13         La preuve a établi sans le moindre doute qu'en quittant leurs bureaux situés dans leurs maisons pour aller exercer ailleurs d'autres fonctions, et en retournant à leurs bureaux à domicile, ils se déplaçaient d'un lieu de travail à un autre. La Cour n'accorde pas d'importance au fait qu'ils aient pu, une fois de retour à la maison, aller se coucher, regarder la télévision, manger un sandwich ou faire une razzia sur le réfrigérateur, selon la situation. Ces activités ne contredisent pas la conclusion selon laquelle ils étaient engagés, sur le chemin du retour à leur domicile, dans des activités liées à leurs fonctions.

14         Lorsqu'ils se déplaçaient de leurs bureaux à domicile pour se rendre au conseil scolaire à Port Hastings, ils étaient engagés dans l'exercice de leurs fonctions de membres du conseil scolaire; et il en était de même lorsqu'ils retournaient à la maison. Ils sont clairement visés par les dispositions du sous-alinéa 6(1)b)(vii.1) de la Loi.

15         Dans l'affaire R. v. Deimert, 75 DTC 262, à la page 10, le paragraphe 38 est ainsi rédigé :

Cette variante de la catégorie d'emplois exercés dans plusieurs établissements qui a introduit le concept de deux lieux de travail découle notamment des deux décisions de la Chambre des lords dans les affaires Owen v. Pook, [1969] 2 All E.R. 1, et Taylor v. Provan, [1974] 1 All E.R. 1201. Essentiellement, la personne qui doit se déplacer d'un lieu de travail à un autre peut déduire ses frais de déplacement parce qu'elle se déplace pour les fins de son emploi, mais elle ne peut pas déduire les frais de déplacement pour se rendre de son lieu de travail à son domicile, ou vice versa, à moins que son domicile soit un lieu de travail. L'application de ce concept exige la preuve que le travail ou l'emploi soit accompli dans deux endroits.
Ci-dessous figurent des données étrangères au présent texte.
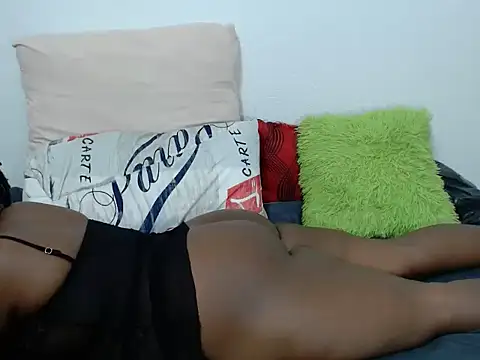 QueenRomaxx1 online show from October 2025 04:18:02 AM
Il ne suffit pas que la personne choisisse d'accomplir une partie du travail ailleurs que l'endroit où l'emploi est objectivement situé.

16         En l'espèce, la Cour est convaincue qu'il existait deux lieux de travail. Les voyages qui ont donné lieu à la demande de déduction de frais et à leur déduction ont toujours été des déplacements d'un lieu de travail (le bureau situé dans la maison) à un autre lieu de travail (le bureau du conseil scolaire) à Port Hastings. Tous les frais dont ils ont demandé l'exonération étaient liés à l'usage de leurs véhicules pour voyager dans l'accomplissement des fonctions de leur charge de membres du conseil scolaire.

17         L'avocat a également mentionné l'affaire Goldhar v. M.N.R., [1985] 1 C.T.C. 2187, 85 DTC 202, dans laquelle le juge Taylor a permis les déductions demandées par la contribuable parce qu'il avait été prouvé que celle-ci travaillait à partir de son domicile, qui constituait sa « base d'opérations » . On peut en dire autant de la présente affaire. L'affaire de la Cour d'appel fédérale Hoedel c. La Reine, C.A.F., no A-572-85, 22 octobre 1986 (86 DTC 6536) appuie également les demandes des appelants. L'avocat a également cité l'affaire Sword v. M.N.R., [1990] 2 C.T.C. 2298, 90 DTC 1798, que la Cour ne trouve pas particulièrement utile en l'espèce.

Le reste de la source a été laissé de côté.